### PROVIDED INFORMATION

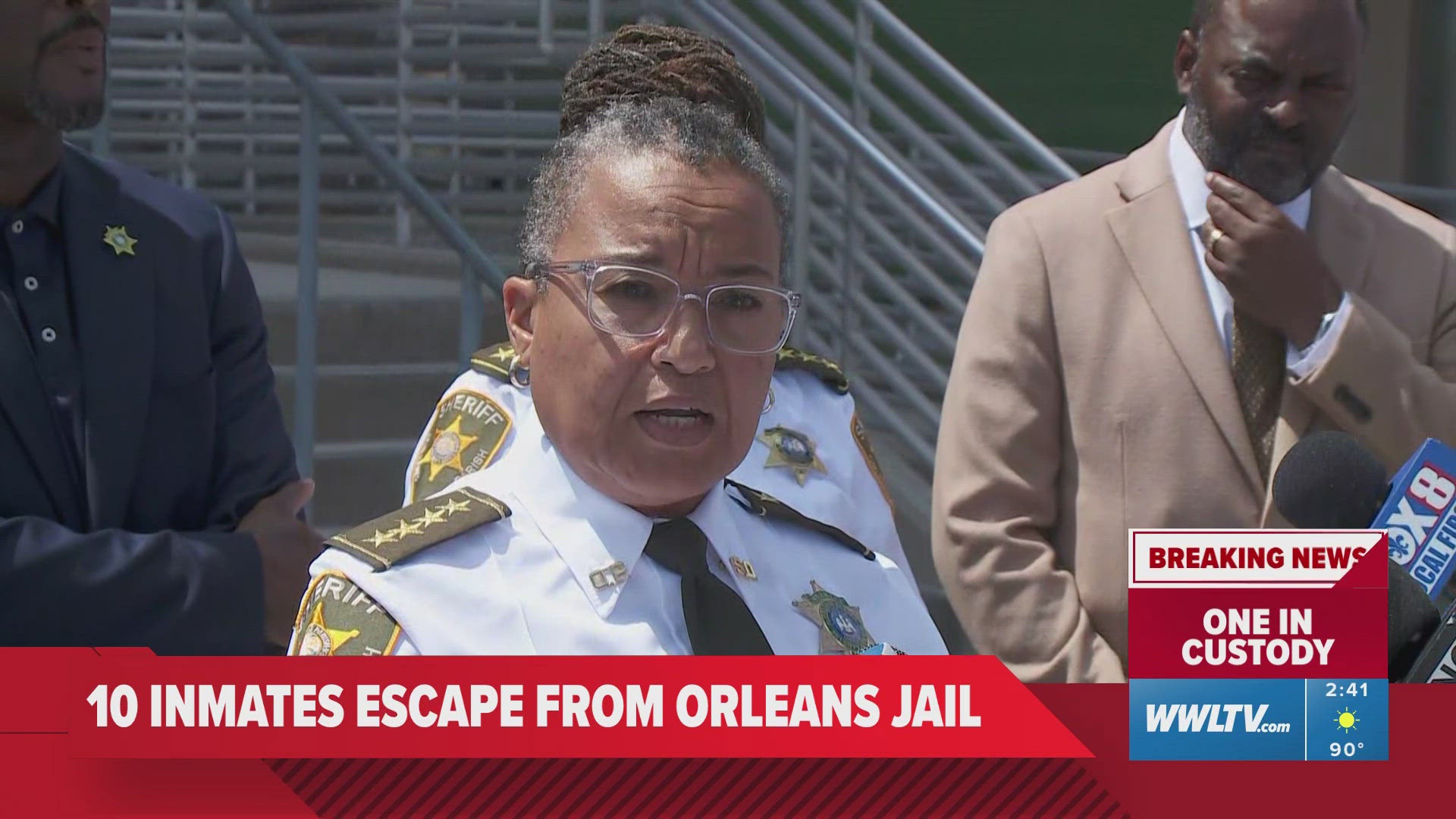 Photo shows Orleans Parish Jail escape hole, ‘To easy lol’ message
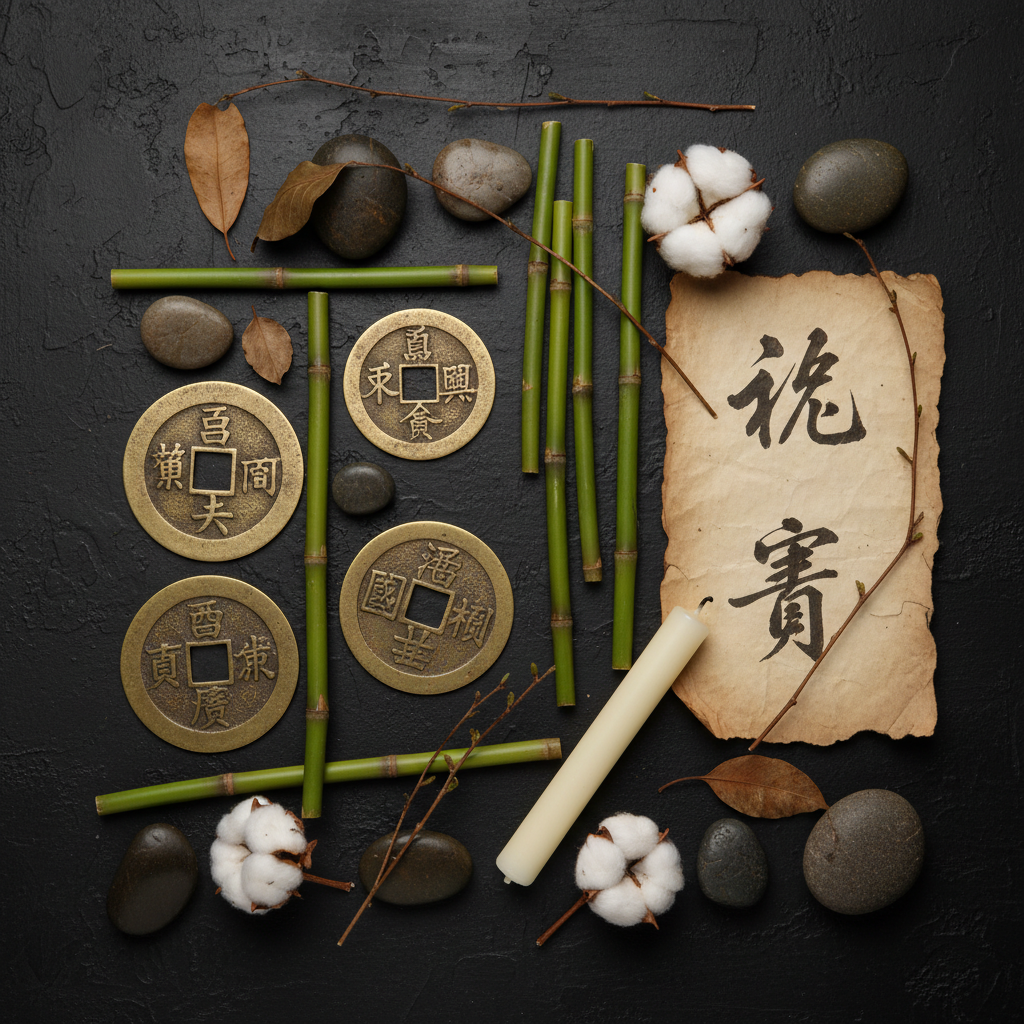 I Ching for Beginners - Flat Lay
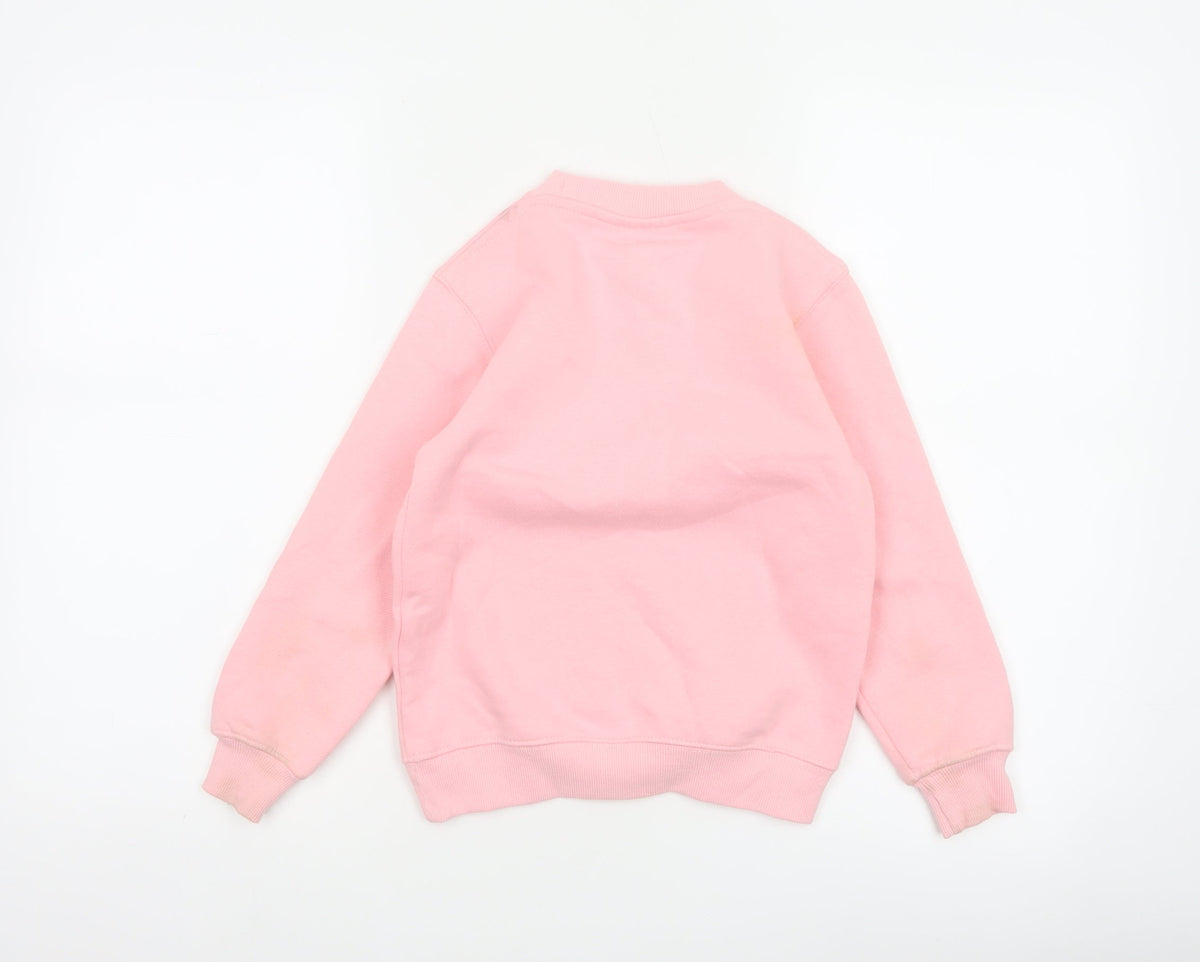 I Love NY Girls Pink 6-7 Years Pullover Sweatshirt Graphic Print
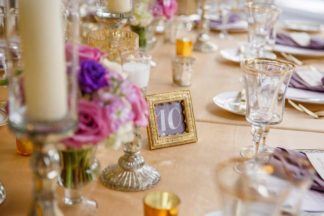 Charming Charleston Wedding at the Historic Aiken House with romantic lavender, purple and gold details. Images: Riverland Studios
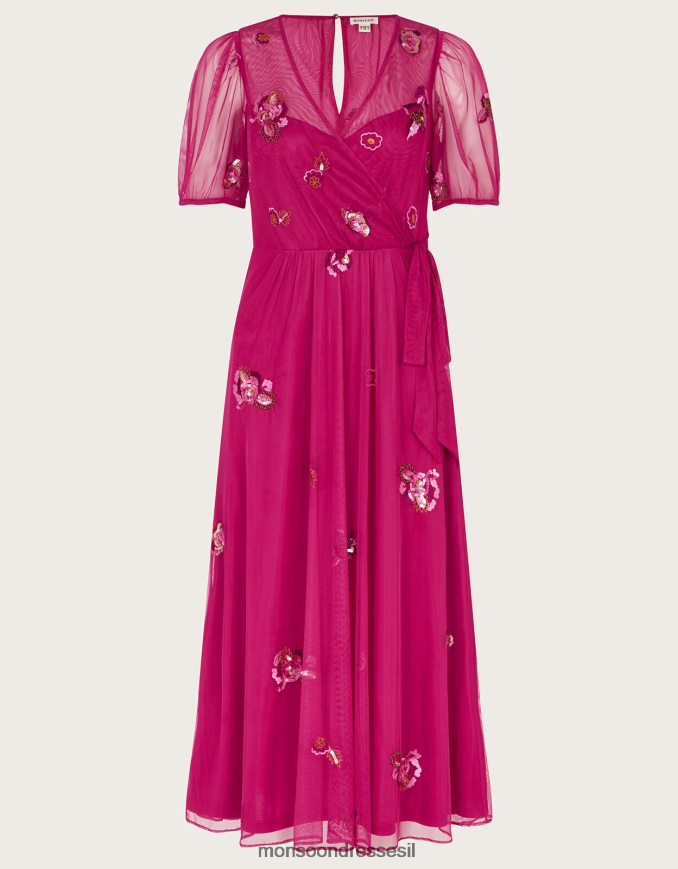 הַלבָּשָׁה Monsoon שמלת מעטפת של אלי וָרוֹד נשים HTJ0TZ199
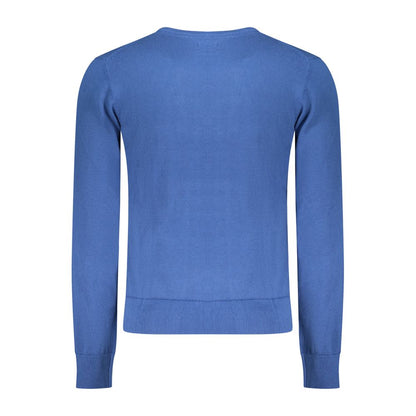 U.S. Grand Polo Blue Cotton Men Sweater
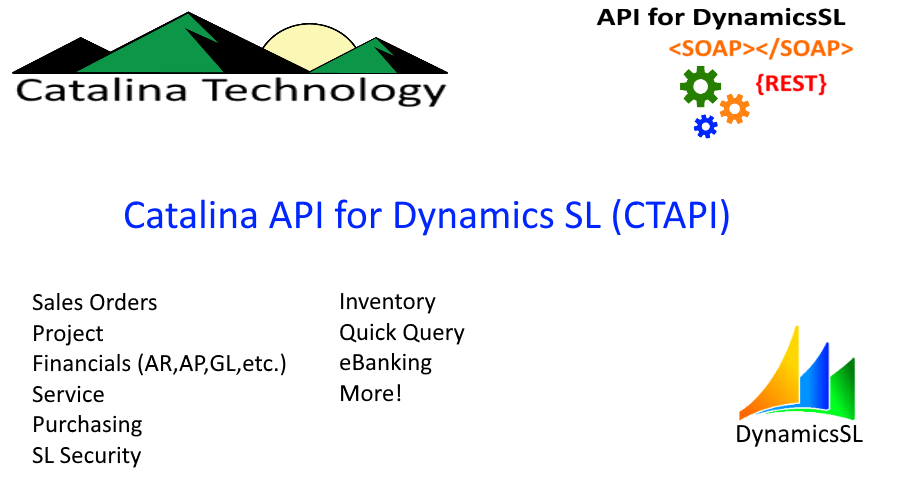 Minimum Server Requirements for Catalina API for Dynamics SL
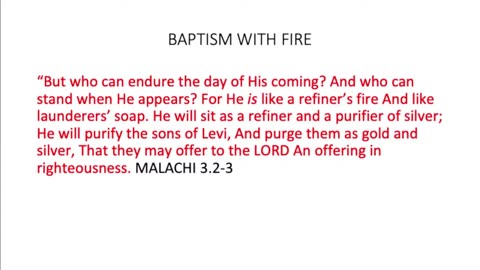 Baptism with the Holy Spirit and Fire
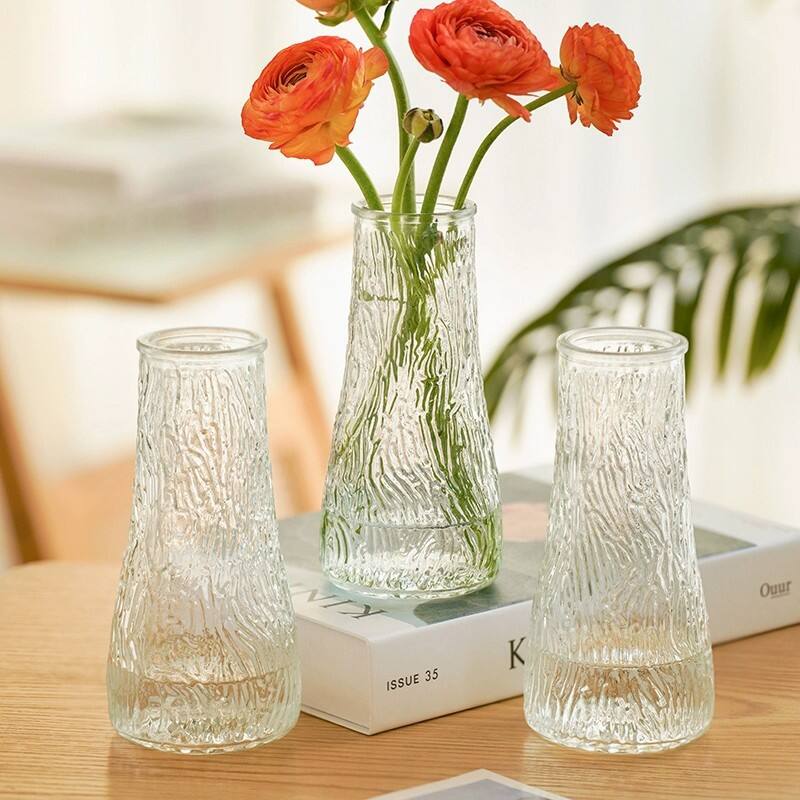 Vertical Wave Glass Vase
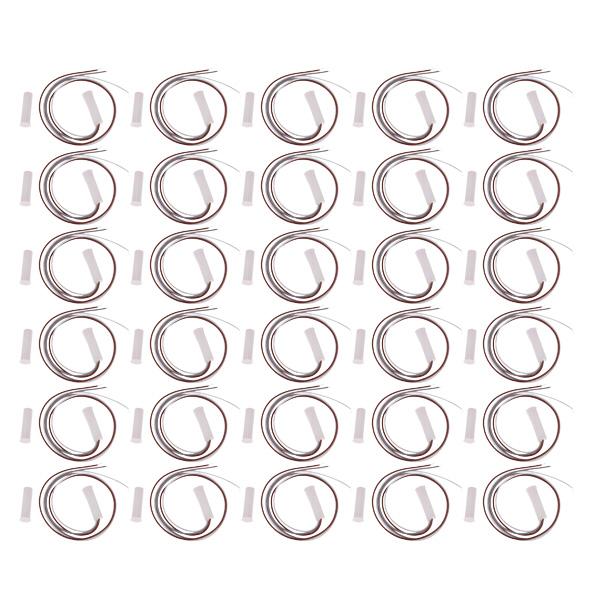 30-Pcs NC NO Door Window Contact Magnetic Reed Switch Alarm 3W 10-25mm
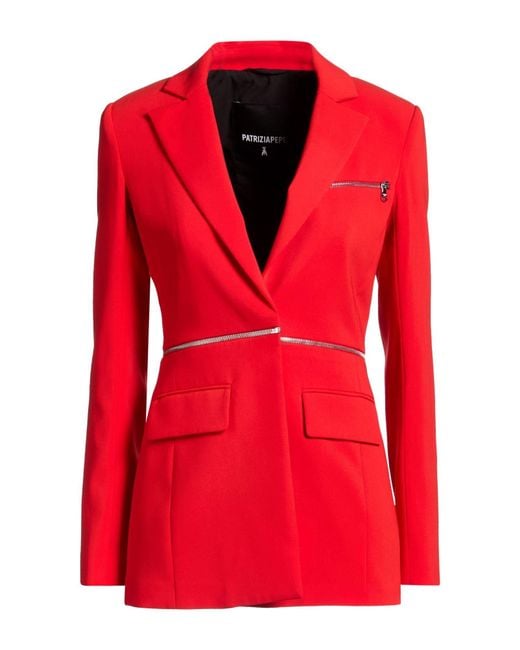 Patrizia Pepe Red Blazer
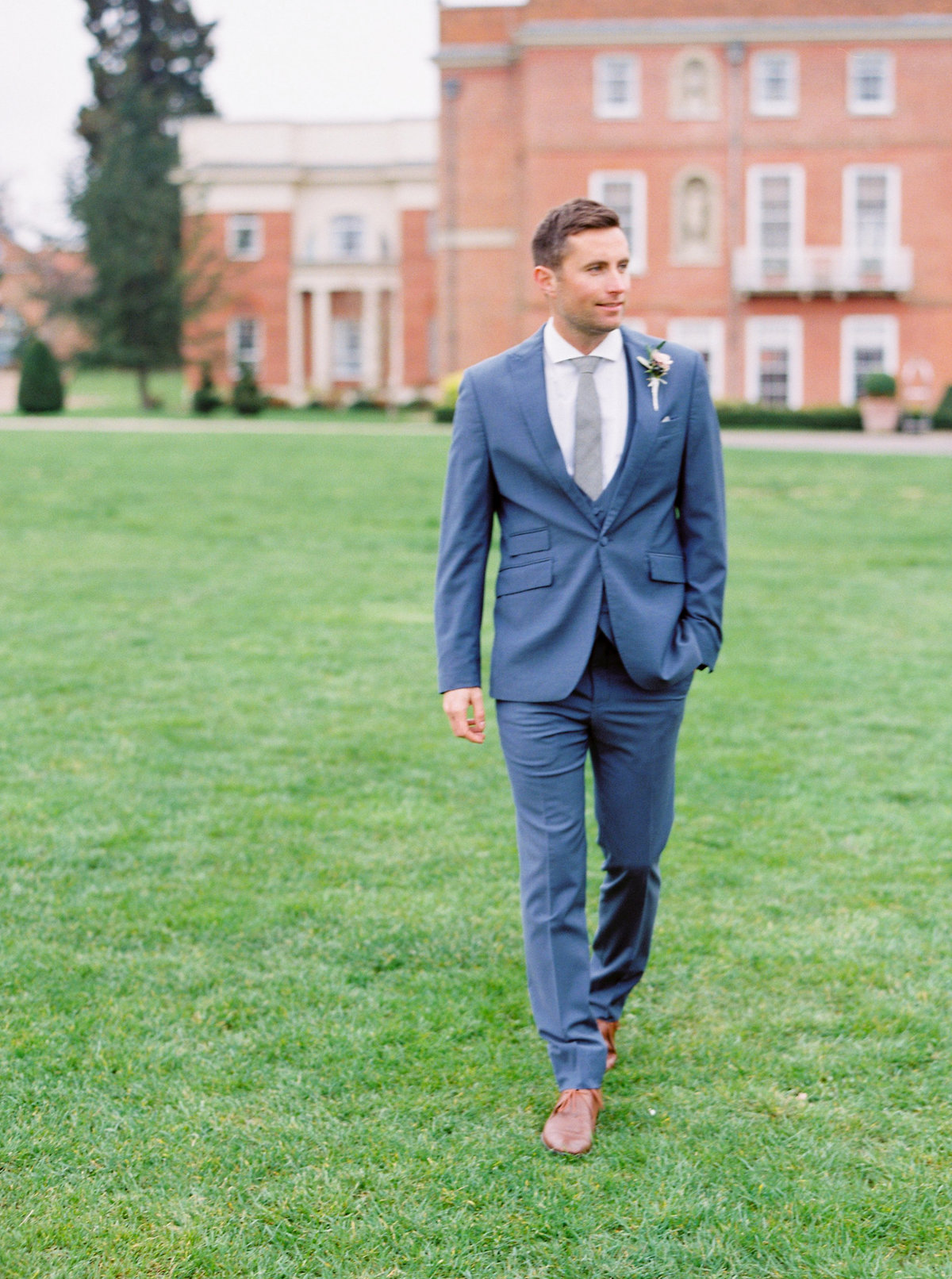 Hampshire Wedding Groom Suit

######

**WORK TO COMPLETE:** Give back the lines from the one containing "I Love NY Girls" through the last line of the records above exactly as they appear, both included, and no pictures.

**RESPONSE TO THE EXERCISE:**
 I Love NY Girls Pink 6-7 Years Pullover Sweatshirt Graphic Print
 Charming Charleston Wedding at the Historic Aiken House with romantic lavender, purple and gold details. Images: Riverland Studios
 הַלבָּשָׁה Monsoon שמלת מעטפת של אלי וָרוֹד נשים HTJ0TZ199
 U.S. Grand Polo Blue Cotton Men Sweater
 Minimum Server Requirements for Catalina API for Dynamics SL
 Baptism with the Holy Spirit and Fire
 Vertical Wave Glass Vase
 30-Pcs NC NO Door Window Contact Magnetic Reed Switch Alarm 3W 10-25mm
 Patrizia Pepe Red Blazer
 Hampshire Wedding Groom Suit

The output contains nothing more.